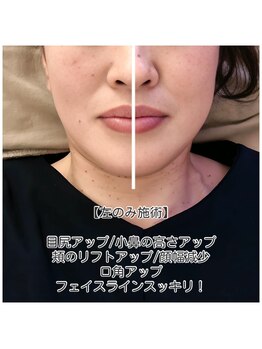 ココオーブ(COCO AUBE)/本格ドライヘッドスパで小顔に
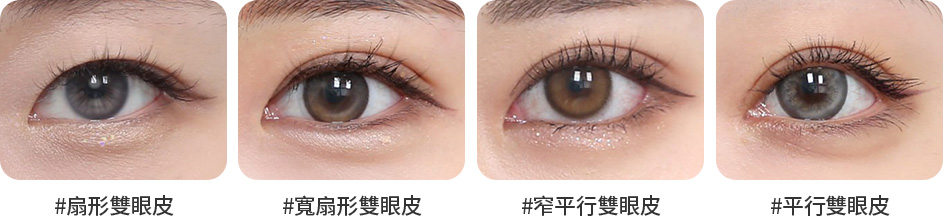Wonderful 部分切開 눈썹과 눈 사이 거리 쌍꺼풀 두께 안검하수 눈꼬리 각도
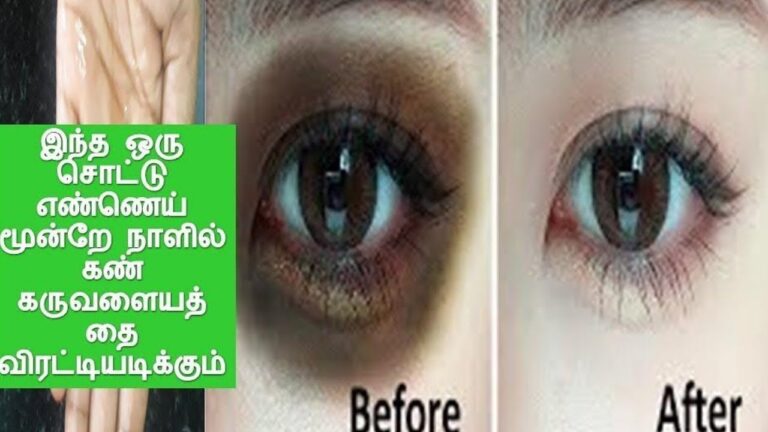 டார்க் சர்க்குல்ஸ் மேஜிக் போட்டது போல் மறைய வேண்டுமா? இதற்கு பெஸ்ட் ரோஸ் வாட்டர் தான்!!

* * *

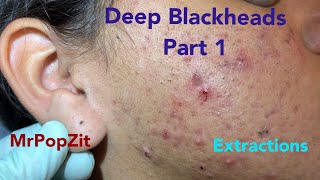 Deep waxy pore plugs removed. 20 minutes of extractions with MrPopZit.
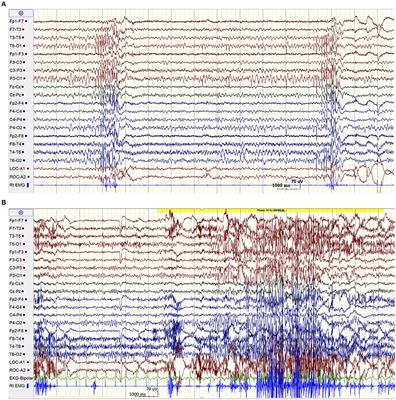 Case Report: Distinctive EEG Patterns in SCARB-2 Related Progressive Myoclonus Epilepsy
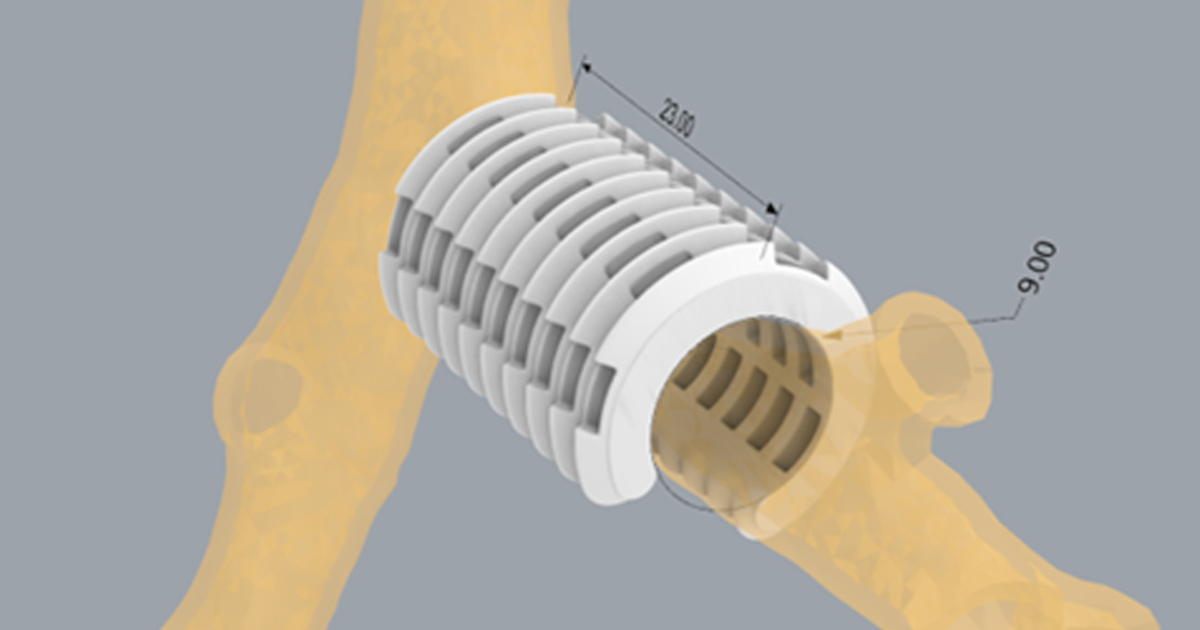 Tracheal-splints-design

Work instruction ->
Word for word, retype the lines in the entries above that run from the one with "Deep waxy pore" through the one with "Tracheal-splints-design". Both ends count; pictures do not.

Answer for this exercise ->
 Deep waxy pore plugs removed. 20 minutes of extractions with MrPopZit.
 Case Report: Distinctive EEG Patterns in SCARB-2 Related Progressive Myoclonus Epilepsy
 Tracheal-splints-design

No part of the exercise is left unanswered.